Resensi Novel The Magic Library Jostein Gaarder: Misteri Perpustakaan Ajaib Bibbi Bokken – The Magic Library: Perpustakaan Ajaib Bibbi Bokken merupakan salah satu karya seorang penulis novel dan literasi anak asal Norwegia, Jostein Gaarder. Bersama Klaus Hagerup–penulis bacaan anak dan remaja–keduanya sukses memberikan penggambaran akan keindahan dan keistimewaan dunia perbukuan melalui cerita yang mereka tuang dalam novel The Magic Library ini.
Novel dengan tebal 284 halaman ini adalah terjemahan dari judul aslinya, yaitu Bibbi Bokkens Magische Bibliothek yang diterbitkan pertama kali pada tahun 1993. Melalui karyanya ini, penulis mencoba untuk mengajak pembaca berjelajah bersama kedua tokoh di novel ini, yakni Berit dan Nils dalam mengangkat rahasia ‘perpustakaan ajaib’ milik Bibbi Bokken ini.
Dalam novel ini banyak pula wawasan akan segala hal yang berkaitan dengan literasi dan perpustakaan, seperti halnya sistem pengelompokan di perpustakaan, asal mula mesin percetakan, perpustakaan unik dan menarik di negera Norwegia, serta yang lainnya.
Seperti yang sudah diketahui bahwa novel ini memang sudah dituliskan sejak lama oleh kedua penulis. Oleh karena itu, dapat dipahami mengapa dalam novel ini Nils dan Berit kerap menggunakan media surat-menyurat atau yang mereka sebut dengan ‘Buku Surat’ sebagai metode atau cara berkomunikasi antarmereka yang memiliki keterbatasan jarak. Dengan demikian, cerita di novel ini patut menjadi kisah klasik yang tidak akan termakan oleh waktu.
Menariknya, novel ini terbagi menjadi dua bagian atau bab.
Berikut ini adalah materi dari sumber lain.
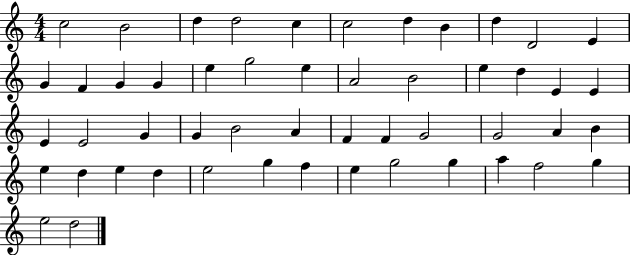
X:1
T:Untitled
M:4/4
L:1/4
K:C
c2 B2 d d2 c c2 d B d D2 E G F G G e g2 e A2 B2 e d E E E E2 G G B2 A F F G2 G2 A B e d e d e2 g f e g2 g a f2 g e2 d2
Pada bagian pertama, diberi tajuk “Buku-Surat”, sementara di bagian kedua berjudul “Perpustakaan Ajaib Bibbi Bokken” yang berisikan pemecahan misteri dan teka-teki akan perpustakaan ajaib tersebut. Kemudian, Gaarder dan Hagerup menarik pembaca agar dapat berkhayal tanpa batas ruang guna meningkatkan rasa keingintahuan akan cerita dalam novel.
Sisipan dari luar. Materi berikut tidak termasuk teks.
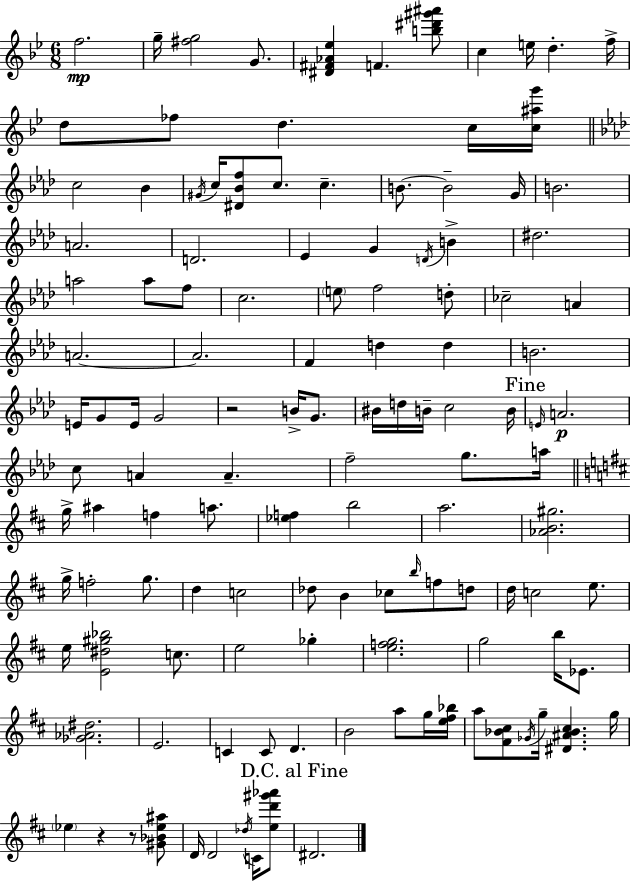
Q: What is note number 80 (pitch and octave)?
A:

Lantas, siapakah Bibbi Bokken itu dan apa keistimewaan dari ‘perpustakaan ajaib’ yang dimilikinya?
Table of Contents
Sinopsis Novel The Magic Library
The Magic Library mengisahkan dua remaja sepupu berusia 12-14 tahun bernama Nils Boyum dan Berit Boyum. Nils menetap di Oslo, sementara Berit tinggal di Fjaerland. Meskipun keduanya menetap di kawasan Norwegia, tetapi domisili mereka terbilang jauh, kurang lebih ratusan kilometer.
Sesudah mereka melakukan pertemuan terakhir di liburan musim panas, keduanya sepakat dan memutuskan untuk tetap menjalin komunikasi melalui surat-menyurat yang mereka sebut dengan istilah ‘buku-surat’.
Buku-Surat tersebut berisikan kumpulan surat yang mereka lakukan setiap kali berkomunikasi antara satu sama lain, kemudian dijadikan dalam sebuah buku. Namun, ternyata ada seseorang yang tertarik akan buku-surat yang dimiliki oleh Nils dan Berit, nama orang tersebut adalah Bibbi Bokken. Mengapa Bibbi Bokken bisa tertarik dengan buku-surat tersebut?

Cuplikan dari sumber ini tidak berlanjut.